■ YOUR ASSIGNMENT
Print the line containing "Mariusz Boniecki (uczeń" and all lines after it to the end of the records below, exactly as written. No pictures.

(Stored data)
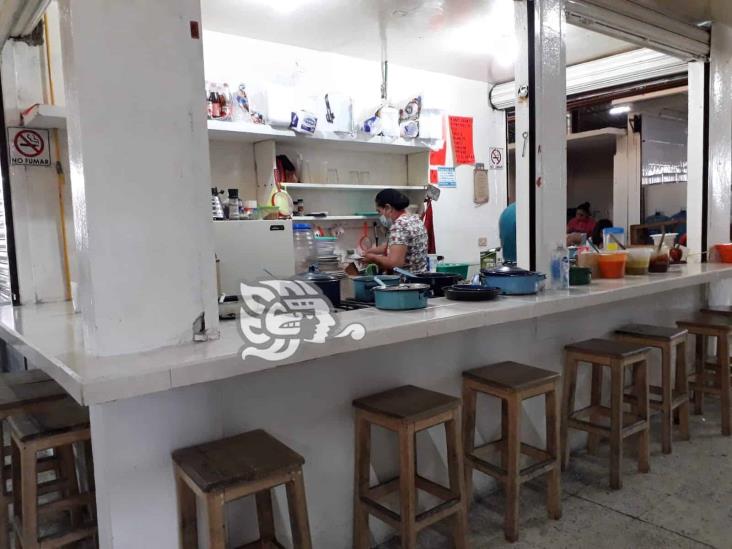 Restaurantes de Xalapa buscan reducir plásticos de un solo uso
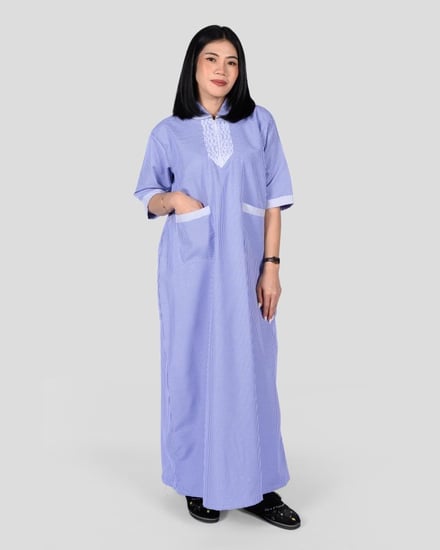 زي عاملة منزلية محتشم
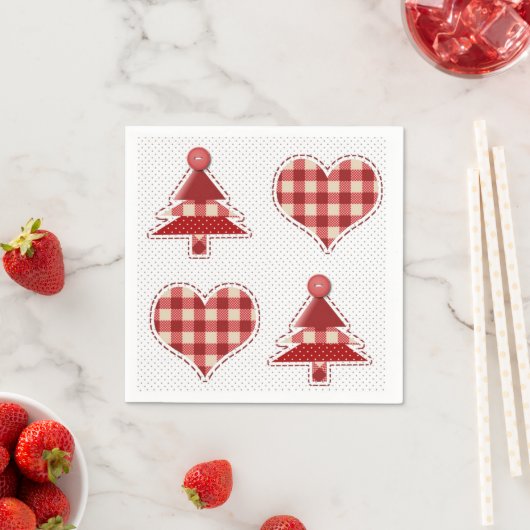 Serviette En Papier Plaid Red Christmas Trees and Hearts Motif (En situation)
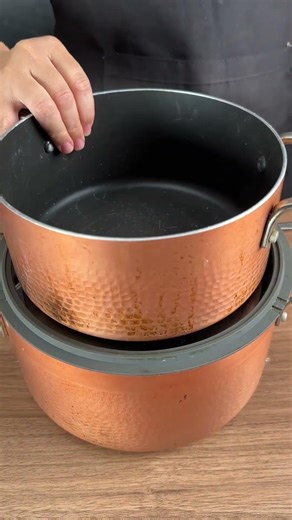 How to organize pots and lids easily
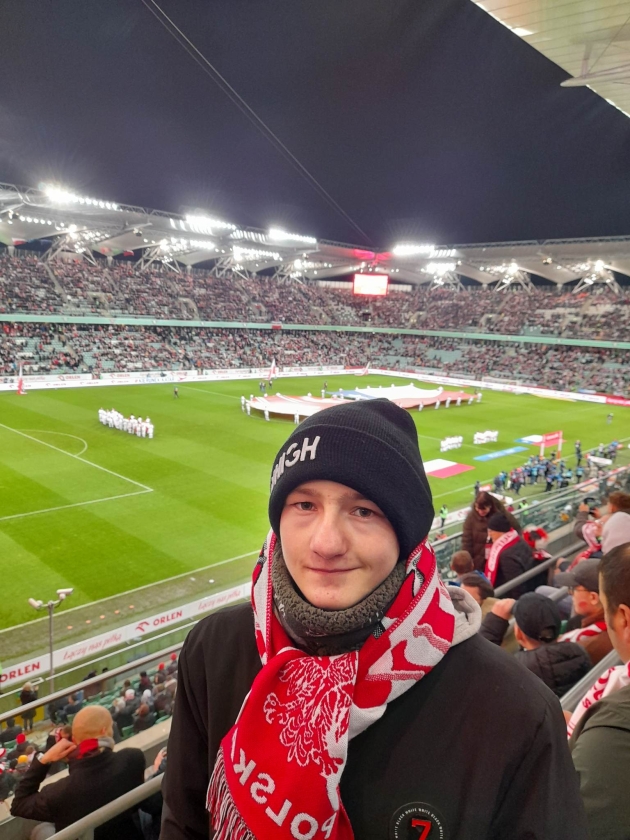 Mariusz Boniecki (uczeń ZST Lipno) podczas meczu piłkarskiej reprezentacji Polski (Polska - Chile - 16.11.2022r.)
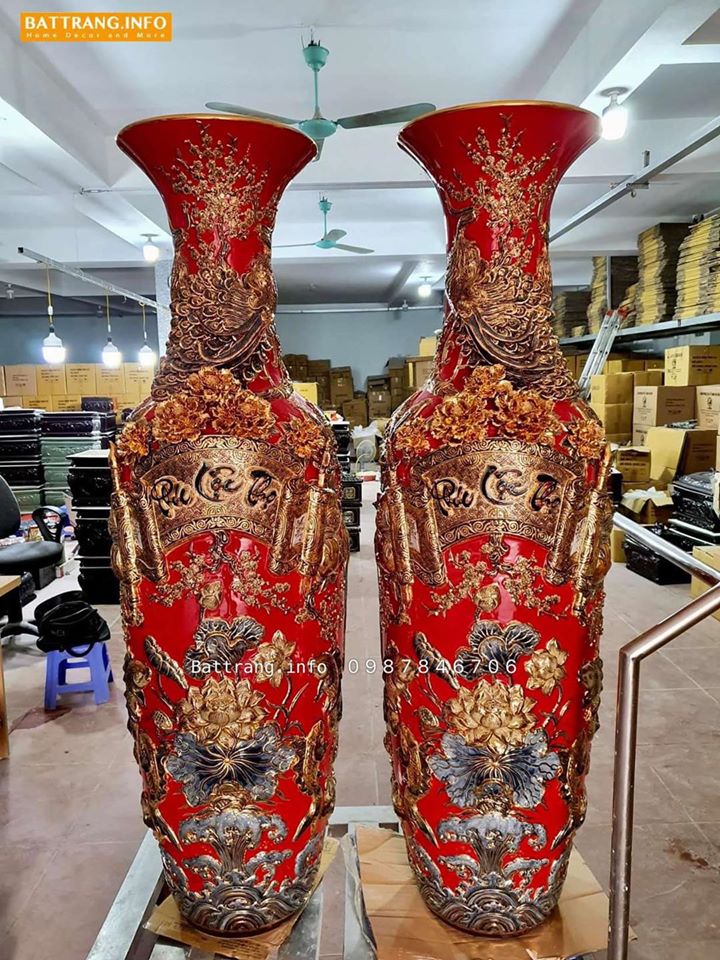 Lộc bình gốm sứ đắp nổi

■ ANSWER BOX
 Mariusz Boniecki (uczeń ZST Lipno) podczas meczu piłkarskiej reprezentacji Polski (Polska - Chile - 16.11.2022r.)
 Lộc bình gốm sứ đắp nổi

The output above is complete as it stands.